Action item
Verbatim transcription with images omitted: return the entries below in full.

Saved data entries
⟨
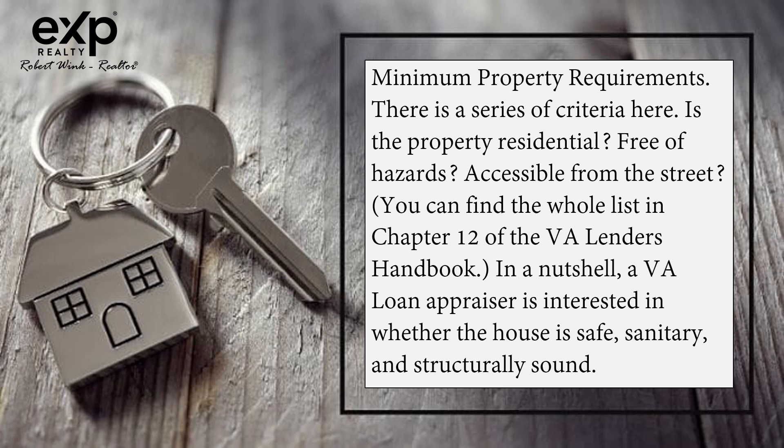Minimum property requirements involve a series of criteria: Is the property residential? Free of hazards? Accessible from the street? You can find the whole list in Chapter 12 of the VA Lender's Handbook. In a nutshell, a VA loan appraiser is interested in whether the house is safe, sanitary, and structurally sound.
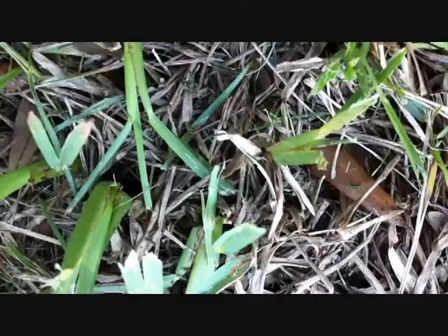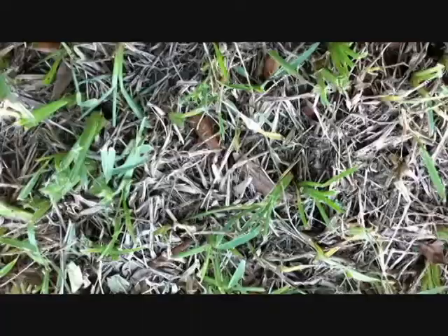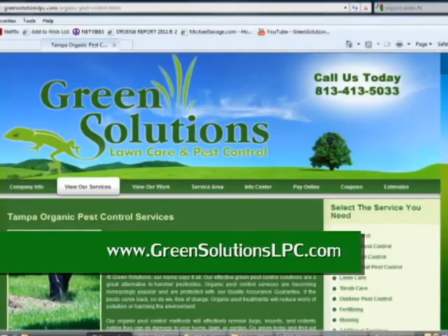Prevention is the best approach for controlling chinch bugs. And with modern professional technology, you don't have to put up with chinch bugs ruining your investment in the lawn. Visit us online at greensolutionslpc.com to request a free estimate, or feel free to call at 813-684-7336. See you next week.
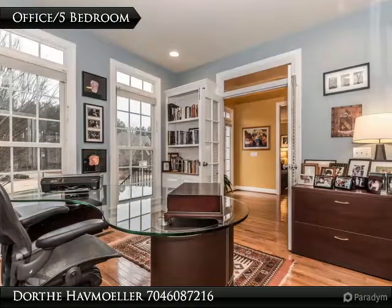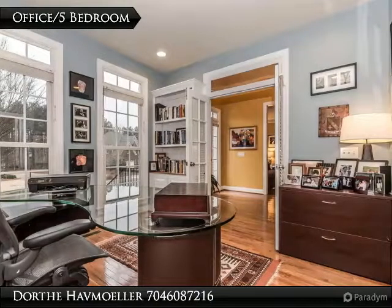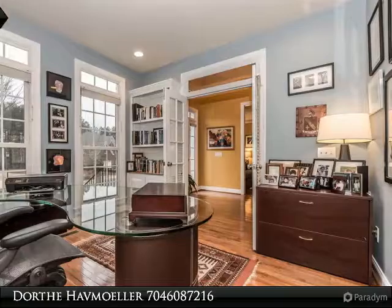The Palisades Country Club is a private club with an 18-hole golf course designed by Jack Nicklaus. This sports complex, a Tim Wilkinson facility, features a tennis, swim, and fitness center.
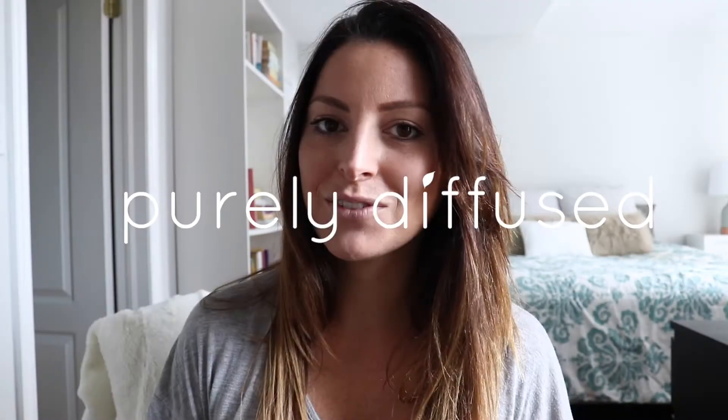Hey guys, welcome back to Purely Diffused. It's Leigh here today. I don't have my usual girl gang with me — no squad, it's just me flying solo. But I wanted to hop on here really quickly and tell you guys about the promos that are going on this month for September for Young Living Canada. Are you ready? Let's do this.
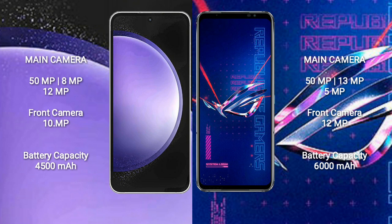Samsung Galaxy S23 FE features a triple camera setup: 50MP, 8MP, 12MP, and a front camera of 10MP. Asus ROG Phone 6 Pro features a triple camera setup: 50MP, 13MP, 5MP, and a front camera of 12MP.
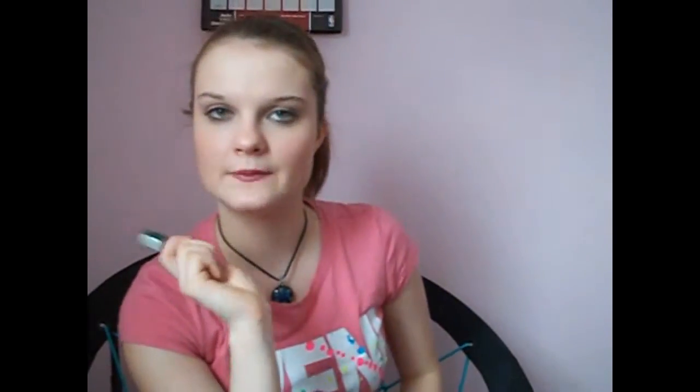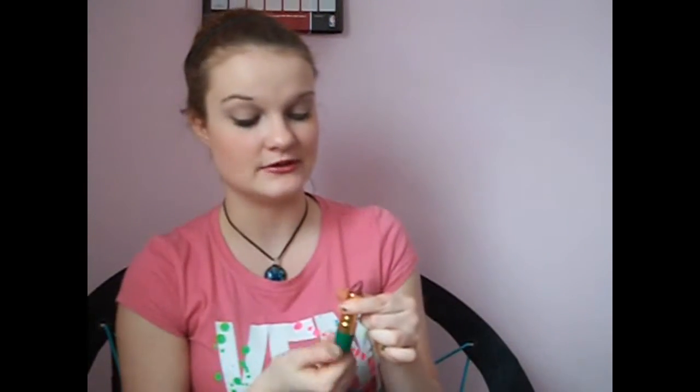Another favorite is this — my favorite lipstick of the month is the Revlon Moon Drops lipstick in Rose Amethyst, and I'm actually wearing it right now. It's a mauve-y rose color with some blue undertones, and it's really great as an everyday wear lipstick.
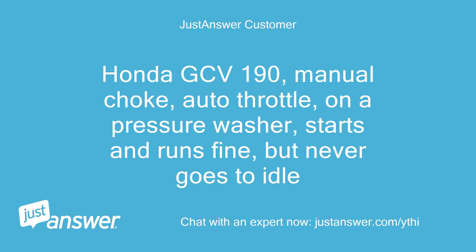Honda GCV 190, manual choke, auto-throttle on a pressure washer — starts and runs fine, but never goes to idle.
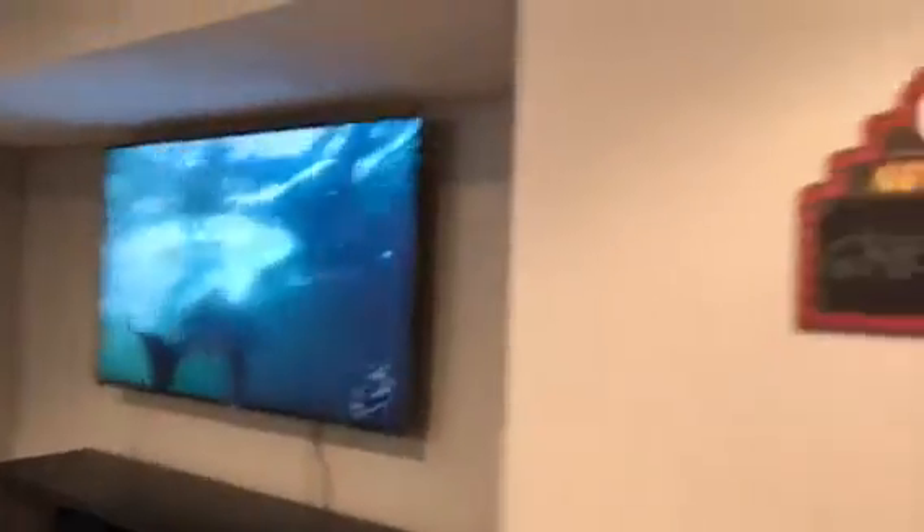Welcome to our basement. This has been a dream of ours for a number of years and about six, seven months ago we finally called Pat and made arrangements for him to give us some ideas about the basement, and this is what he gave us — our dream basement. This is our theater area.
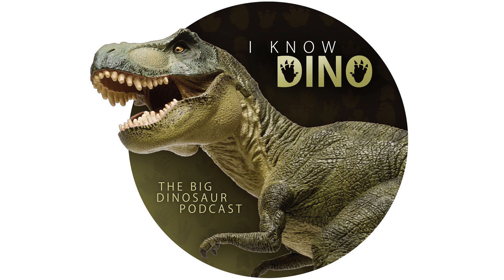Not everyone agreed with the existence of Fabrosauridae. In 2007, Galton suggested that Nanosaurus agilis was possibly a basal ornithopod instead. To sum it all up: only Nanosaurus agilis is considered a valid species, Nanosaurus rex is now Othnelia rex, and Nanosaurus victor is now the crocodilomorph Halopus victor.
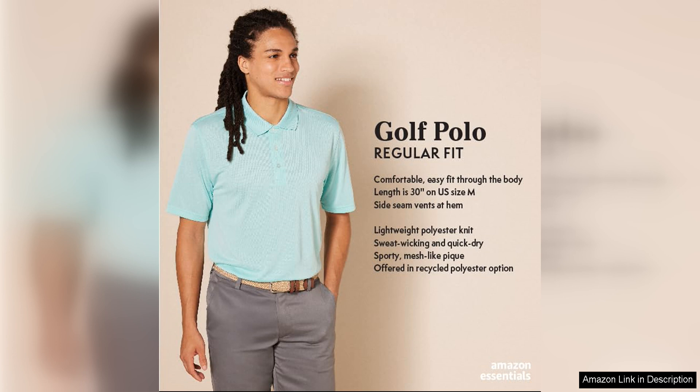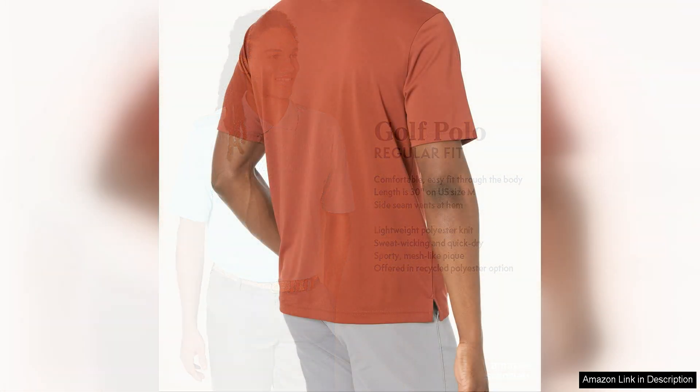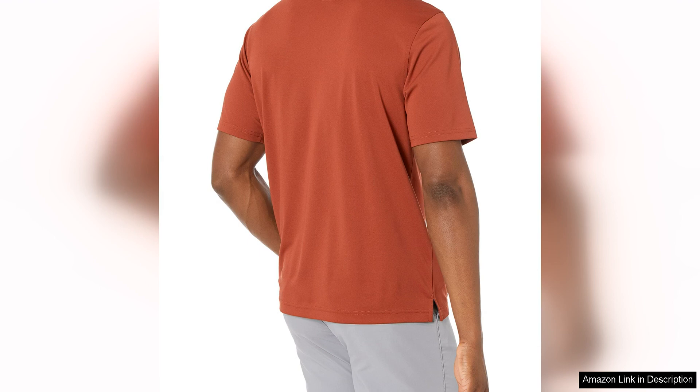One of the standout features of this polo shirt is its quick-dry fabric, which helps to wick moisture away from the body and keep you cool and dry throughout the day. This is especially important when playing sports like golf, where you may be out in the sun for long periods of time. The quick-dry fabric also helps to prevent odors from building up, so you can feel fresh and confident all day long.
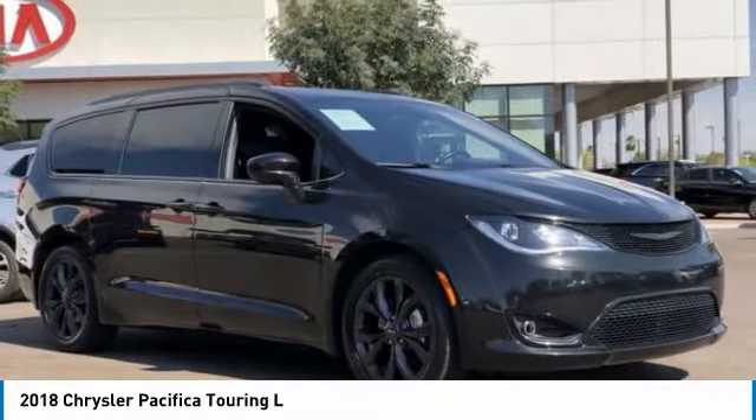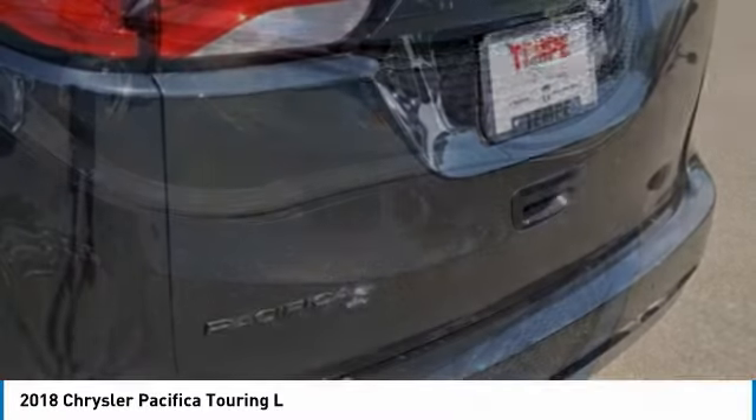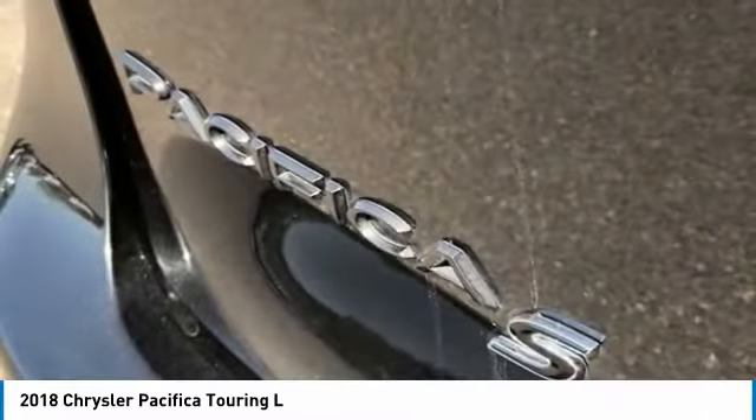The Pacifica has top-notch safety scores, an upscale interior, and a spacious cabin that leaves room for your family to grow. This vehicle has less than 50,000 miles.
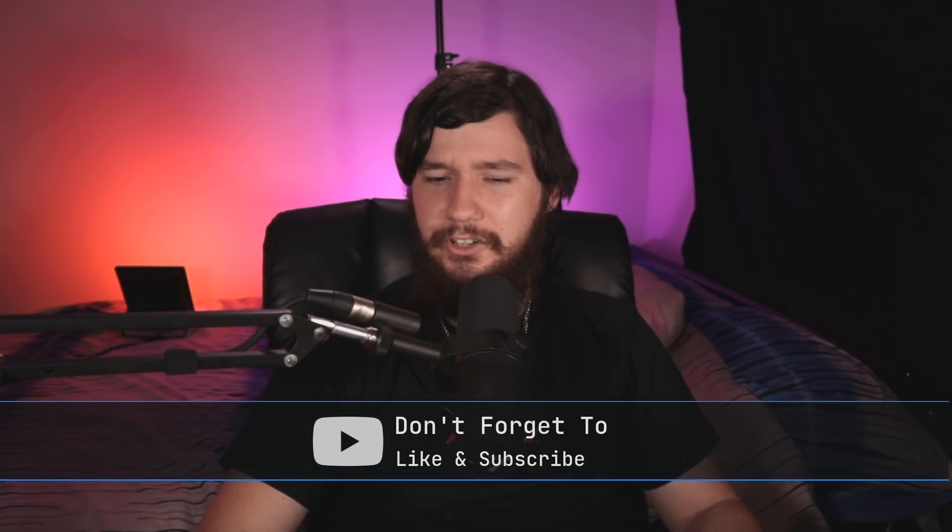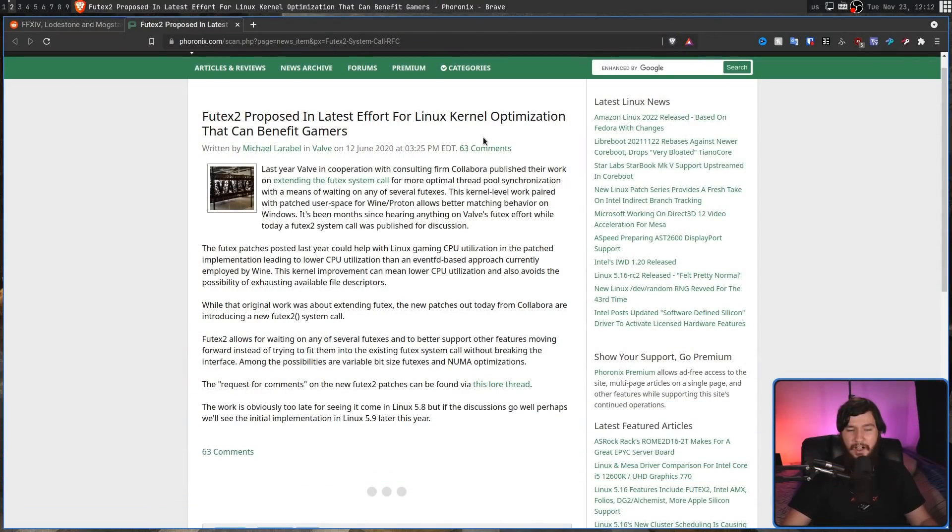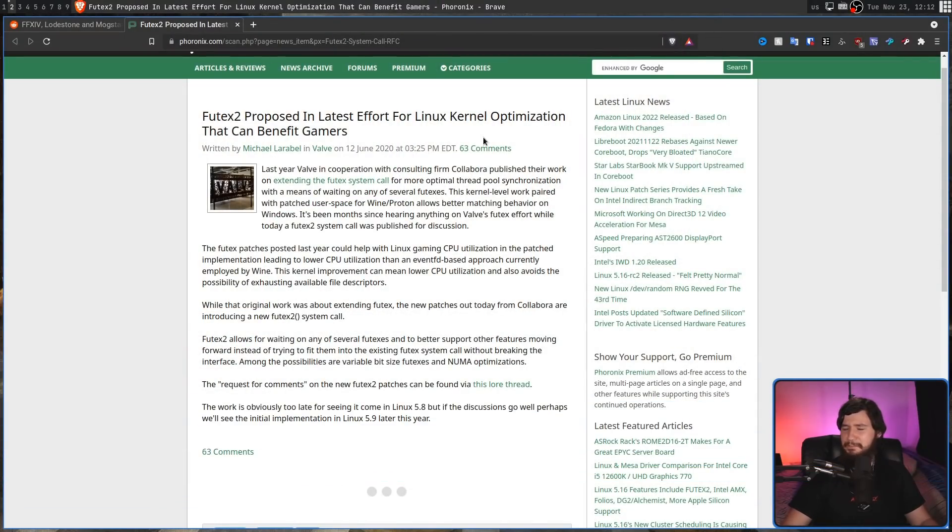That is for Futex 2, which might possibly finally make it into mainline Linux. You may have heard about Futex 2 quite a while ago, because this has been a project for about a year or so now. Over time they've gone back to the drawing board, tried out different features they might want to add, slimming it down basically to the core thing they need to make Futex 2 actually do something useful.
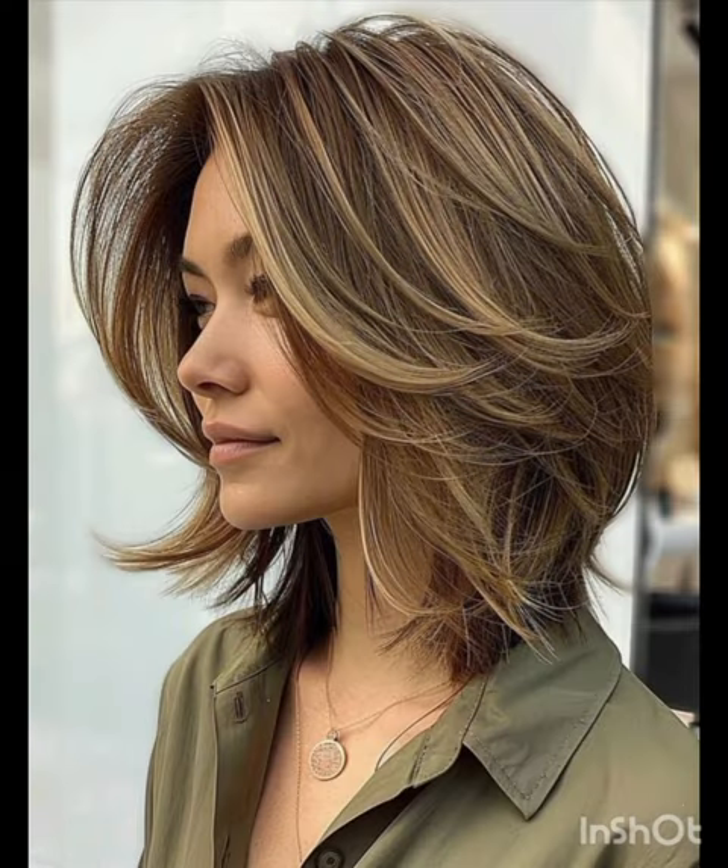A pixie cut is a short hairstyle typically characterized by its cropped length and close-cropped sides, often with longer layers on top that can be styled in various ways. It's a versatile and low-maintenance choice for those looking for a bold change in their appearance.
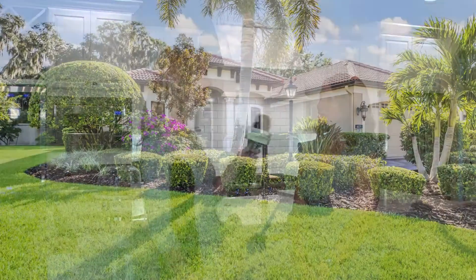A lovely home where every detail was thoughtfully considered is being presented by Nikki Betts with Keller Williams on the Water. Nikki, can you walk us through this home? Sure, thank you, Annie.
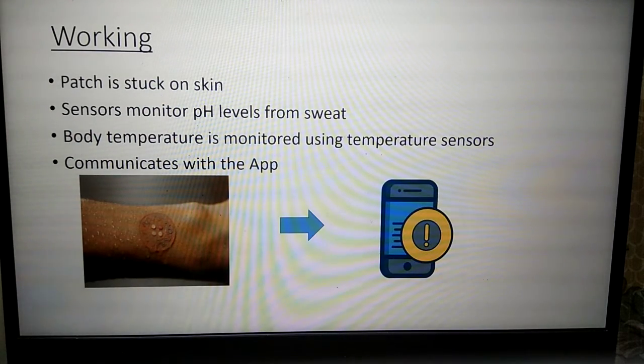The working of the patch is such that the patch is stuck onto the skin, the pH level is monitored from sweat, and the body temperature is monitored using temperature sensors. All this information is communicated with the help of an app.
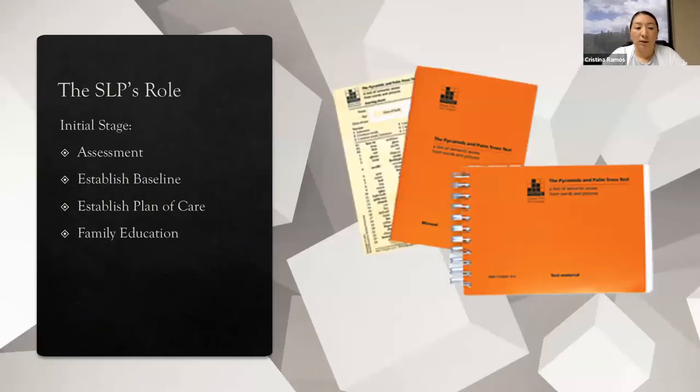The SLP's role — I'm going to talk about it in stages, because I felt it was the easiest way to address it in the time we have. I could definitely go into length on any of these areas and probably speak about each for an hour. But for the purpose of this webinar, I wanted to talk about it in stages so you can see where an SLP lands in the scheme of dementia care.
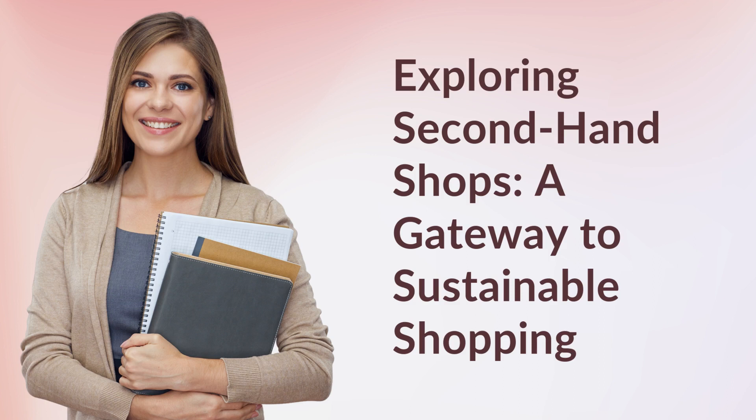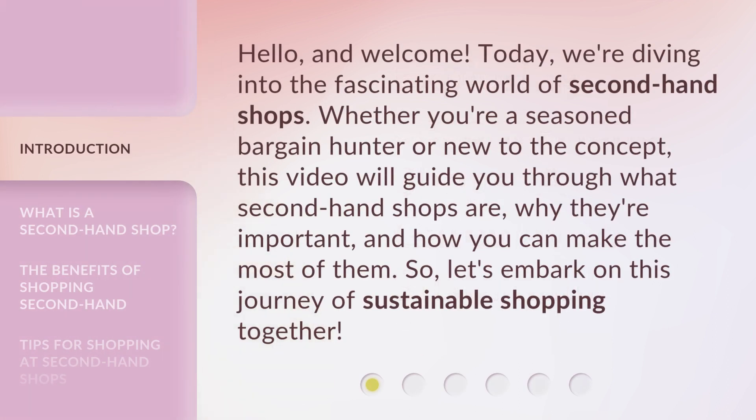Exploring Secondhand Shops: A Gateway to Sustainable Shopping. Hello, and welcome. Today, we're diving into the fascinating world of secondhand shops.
⟩
Reply
Minimum property requirements involve a series of criteria: Is the property residential? Free of hazards? Accessible from the street? You can find the whole list in Chapter 12 of the VA Lender's Handbook. In a nutshell, a VA loan appraiser is interested in whether the house is safe, sanitary, and structurally sound.
Prevention is the best approach for controlling chinch bugs. And with modern professional technology, you don't have to put up with chinch bugs ruining your investment in the lawn. Visit us online at greensolutionslpc.com to request a free estimate, or feel free to call at 813-684-7336. See you next week.
The Palisades Country Club is a private club with an 18-hole golf course designed by Jack Nicklaus. This sports complex, a Tim Wilkinson facility, features a tennis, swim, and fitness center.
Hey guys, welcome back to Purely Diffused. It's Leigh here today. I don't have my usual girl gang with me — no squad, it's just me flying solo. But I wanted to hop on here really quickly and tell you guys about the promos that are going on this month for September for Young Living Canada. Are you ready? Let's do this.
Samsung Galaxy S23 FE features a triple camera setup: 50MP, 8MP, 12MP, and a front camera of 10MP. Asus ROG Phone 6 Pro features a triple camera setup: 50MP, 13MP, 5MP, and a front camera of 12MP.
Another favorite is this — my favorite lipstick of the month is the Revlon Moon Drops lipstick in Rose Amethyst, and I'm actually wearing it right now. It's a mauve-y rose color with some blue undertones, and it's really great as an everyday wear lipstick.
Honda GCV 190, manual choke, auto-throttle on a pressure washer — starts and runs fine, but never goes to idle.
Welcome to our basement. This has been a dream of ours for a number of years and about six, seven months ago we finally called Pat and made arrangements for him to give us some ideas about the basement, and this is what he gave us — our dream basement. This is our theater area.
Not everyone agreed with the existence of Fabrosauridae. In 2007, Galton suggested that Nanosaurus agilis was possibly a basal ornithopod instead. To sum it all up: only Nanosaurus agilis is considered a valid species, Nanosaurus rex is now Othnelia rex, and Nanosaurus victor is now the crocodilomorph Halopus victor.
One of the standout features of this polo shirt is its quick-dry fabric, which helps to wick moisture away from the body and keep you cool and dry throughout the day. This is especially important when playing sports like golf, where you may be out in the sun for long periods of time. The quick-dry fabric also helps to prevent odors from building up, so you can feel fresh and confident all day long.
The Pacifica has top-notch safety scores, an upscale interior, and a spacious cabin that leaves room for your family to grow. This vehicle has less than 50,000 miles.
That is for Futex 2, which might possibly finally make it into mainline Linux. You may have heard about Futex 2 quite a while ago, because this has been a project for about a year or so now. Over time they've gone back to the drawing board, tried out different features they might want to add, slimming it down basically to the core thing they need to make Futex 2 actually do something useful.
A pixie cut is a short hairstyle typically characterized by its cropped length and close-cropped sides, often with longer layers on top that can be styled in various ways. It's a versatile and low-maintenance choice for those looking for a bold change in their appearance.
A lovely home where every detail was thoughtfully considered is being presented by Nikki Betts with Keller Williams on the Water. Nikki, can you walk us through this home? Sure, thank you, Annie.
The working of the patch is such that the patch is stuck onto the skin, the pH level is monitored from sweat, and the body temperature is monitored using temperature sensors. All this information is communicated with the help of an app.
The SLP's role — I'm going to talk about it in stages, because I felt it was the easiest way to address it in the time we have. I could definitely go into length on any of these areas and probably speak about each for an hour. But for the purpose of this webinar, I wanted to talk about it in stages so you can see where an SLP lands in the scheme of dementia care.
Exploring Secondhand Shops: A Gateway to Sustainable Shopping. Hello, and welcome. Today, we're diving into the fascinating world of secondhand shops.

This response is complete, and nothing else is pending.